Making me greatly loved for all I am. My good, and even my bad.

With a love that blesses and soothes in ways I cannot count.  Countless points of love touching my life, flooding my soul, refreshing my heart.

In the quiet things done for me when no one save The One is looking.

And the long hours of prayer which cover me like a comforter, downy warm.

Gentle teachings from God’s Word.

And that certain soft look in his eyes that I have seen not only in moments of sheer bliss, but in the harder times, too.

For all of this and so much more, there are no earthly words with which to utter profound enough thanks.

Only humble, hushed gratitude lived out daily…

I thank my God always concerning you, Michael, for the grace of God which was given you in Christ Jesus
1 Corinthians 1:4

But in those moments after darkness, when for a time I have chosen to shut my eyes to the Light, I am especially grateful for a man who loves and serves Jesus Christ above himself.

A man who lays down his life for me, to present me without spot, wrinkle or blemish before a Holy God.

Moments when I haven’t done my best, when I’ve disappointed both God and husband.
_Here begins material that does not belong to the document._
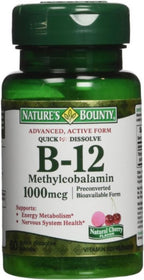 Nature's Bounty B-12 1000 mcg Microlosangas Sabor Cereza Natural (60 uds. x 4)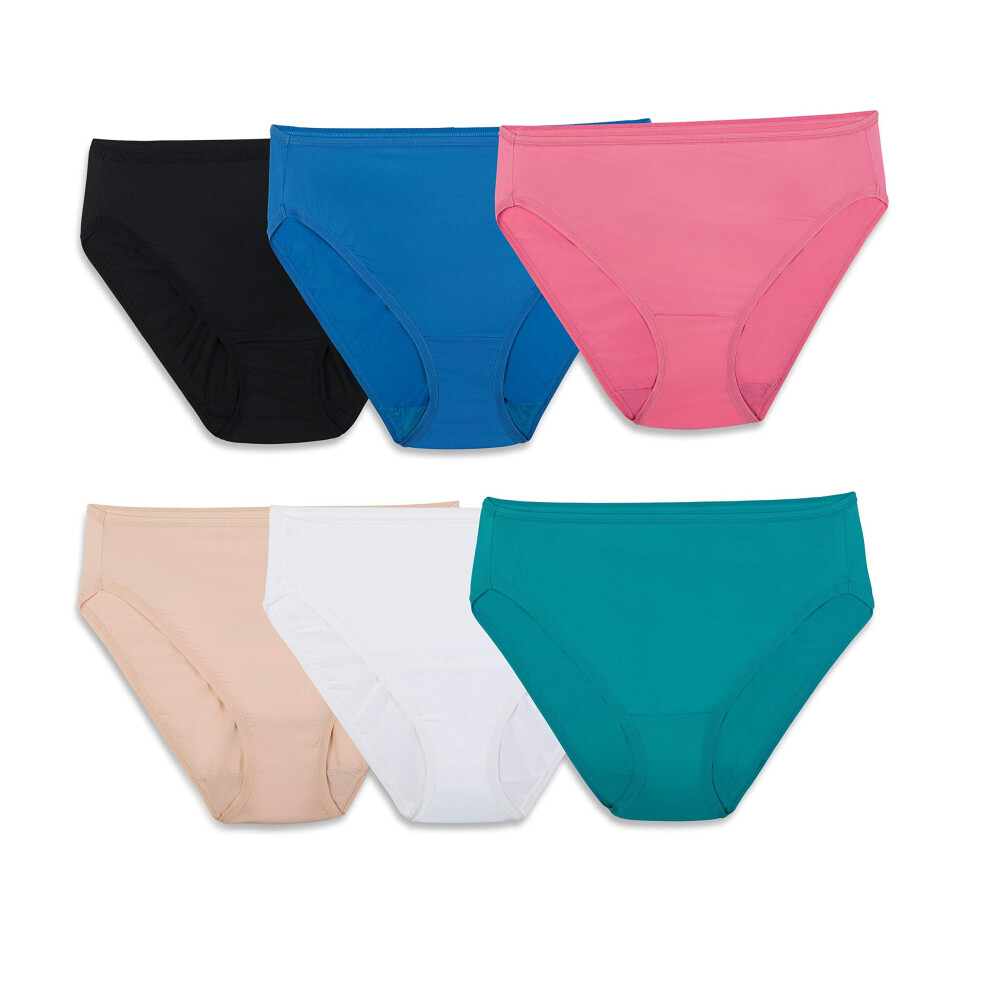 Fruit of the Loom womens Microfiber Panties (Regular & Plus Size) briefs underwear  Hi Cut - 6 Pack Assorted  9 US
These are the beautiful moments, when I see with heart wrenching clarity, the love of Christ in the words and actions of the man whose name I bear.

After years of progressively moving forward, I chide myself when sin prevails, though blotted clear by crimson.
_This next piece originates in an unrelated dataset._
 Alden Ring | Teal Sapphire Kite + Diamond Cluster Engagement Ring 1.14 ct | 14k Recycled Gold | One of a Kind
Cringing to admit that my fallen humanness sometimes leads me down an unholy path, tripping over self, stumbling into a dark pit.

And then the love of this one, good, godly man extends a hand to me in sheer Grace, lifting me up, helping me regain perspective, while admonishing where needed.

Reaching across the breach, reassuring me.

Pulling me close so I can see the Light again, recognize my worth…

In Christ.

Lamenting over my poor choices while trusting in Perfect Love.

Coupling repentance with forgiving myself, and reaffirming the true desire of my heart which is to be good.

 Therefore you are to be perfect, as your heavenly Father is perfect.
Matthew 5:48

Brushing myself off after forgiveness asked and received, and the issue talked all through.

Pulling up by the bootstraps and purposing to block out the lies of satan which taunt, “You’ll never get this right.”

Choosing to believe the truth about myself, that I am precious to the Lord, that He died to save me {all of us!} from my sins, that He is building me from the inside out, that He will always love me.

And then, continuing on…

Awash in the light of His love, surrounded by Holy Grace.

Moving forward in the strength of the Lord, until the work on earth is done, job finished well.

Filling up leaking places in the foundation with Word that seals in hope, cemented by a love so strong and deep that nothing can destroy it.

Washed by the water of His Word.  Made water tight again.

Resting in the Lord, who is forever always with me, trusting His love that never changes.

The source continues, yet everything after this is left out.